The problem
All of the data goes into your copy exactly as written. Images do not.

Data block
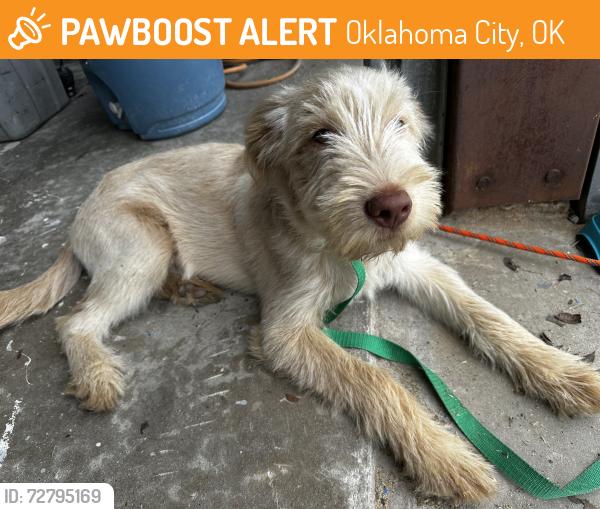 Found/Stray Male Dog last seen Western, Oklahoma City, OK 73114
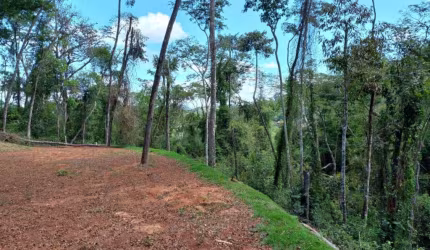 Terreno à venda, 3295 m² por R$ 228.000,00 - Balança - Simão Pereira/MG
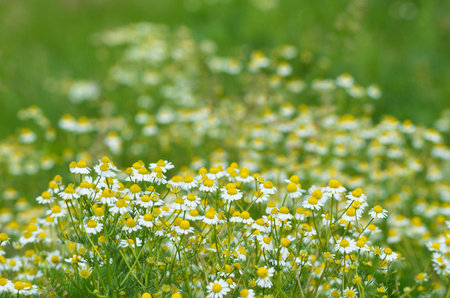 Wild flowers field and blurred background in sunny day, springtimeの写真素材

Task output
 Found/Stray Male Dog last seen Western, Oklahoma City, OK 73114
 Terreno à venda, 3295 m² por R$ 228.000,00 - Balança - Simão Pereira/MG
 Wild flowers field and blurred background in sunny day, springtimeの写真素材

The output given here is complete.